> _Extracted information_:
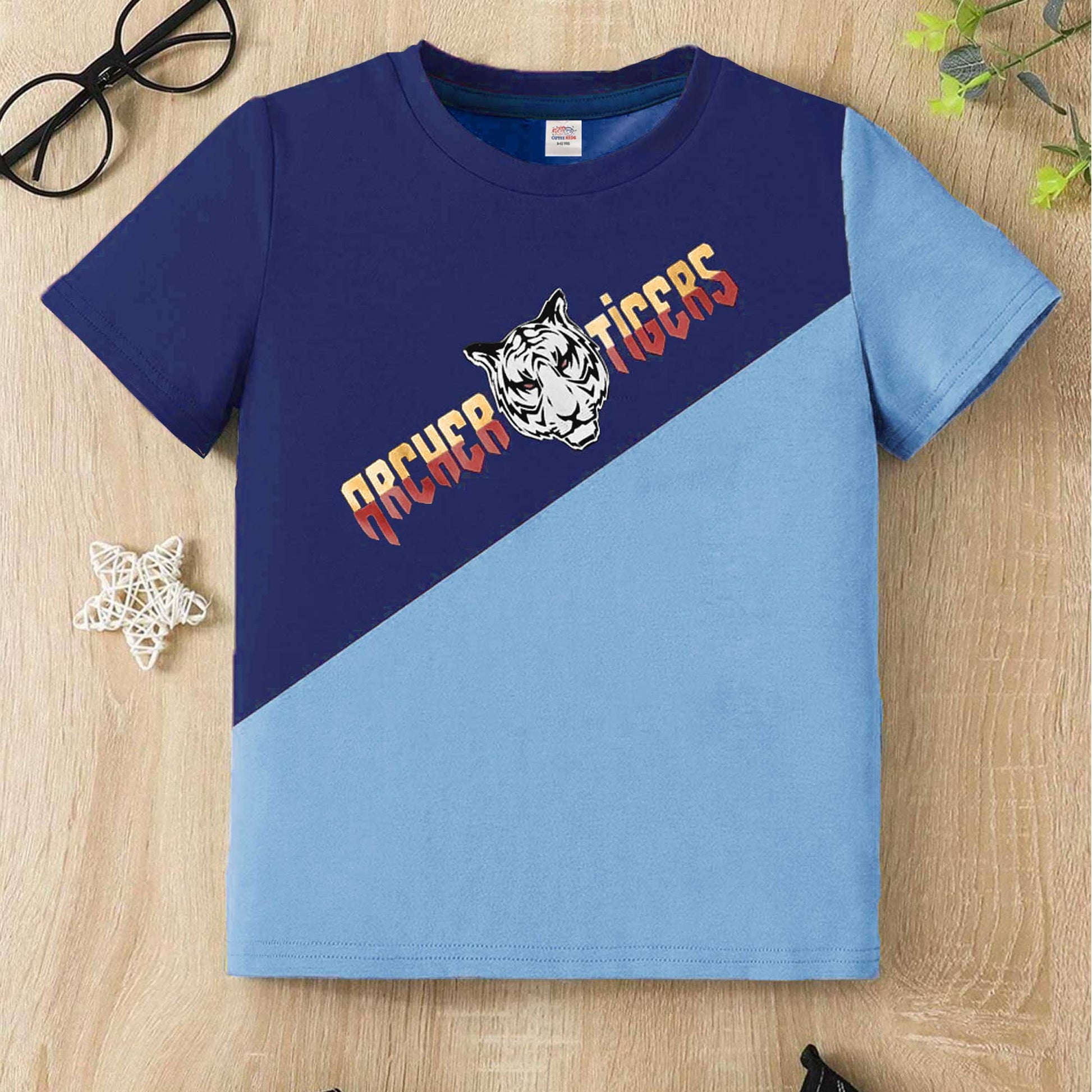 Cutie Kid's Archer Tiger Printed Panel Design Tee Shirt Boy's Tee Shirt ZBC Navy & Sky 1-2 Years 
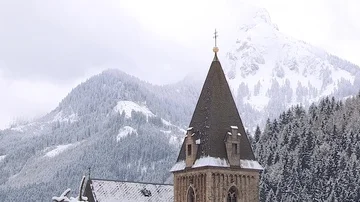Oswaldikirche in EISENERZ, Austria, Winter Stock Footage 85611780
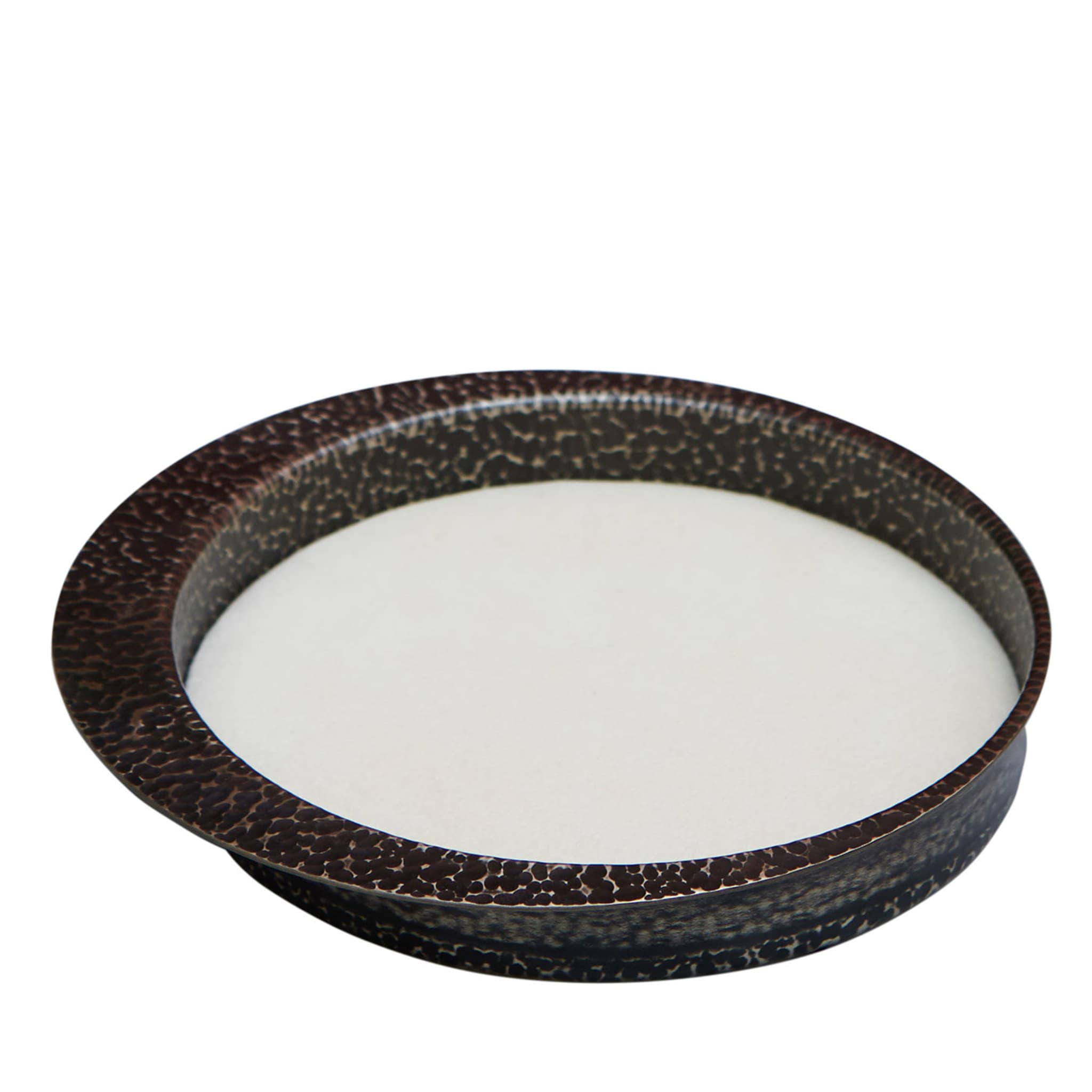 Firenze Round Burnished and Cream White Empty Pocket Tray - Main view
...
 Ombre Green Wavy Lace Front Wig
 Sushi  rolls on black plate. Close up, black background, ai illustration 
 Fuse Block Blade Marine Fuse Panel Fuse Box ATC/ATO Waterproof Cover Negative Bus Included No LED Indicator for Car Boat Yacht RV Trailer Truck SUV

> _Aim of the exercise_: In the listing above, find the line with "Cutie Kid's Archer" and the line with "Firenze Round Burnished". Output both, plus every line between them, and no pictures.

> _Result of the exercise_:
 Cutie Kid's Archer Tiger Printed Panel Design Tee Shirt Boy's Tee Shirt ZBC Navy & Sky 1-2 Years 
Oswaldikirche in EISENERZ, Austria, Winter Stock Footage 85611780
 Firenze Round Burnished and Cream White Empty Pocket Tray - Main view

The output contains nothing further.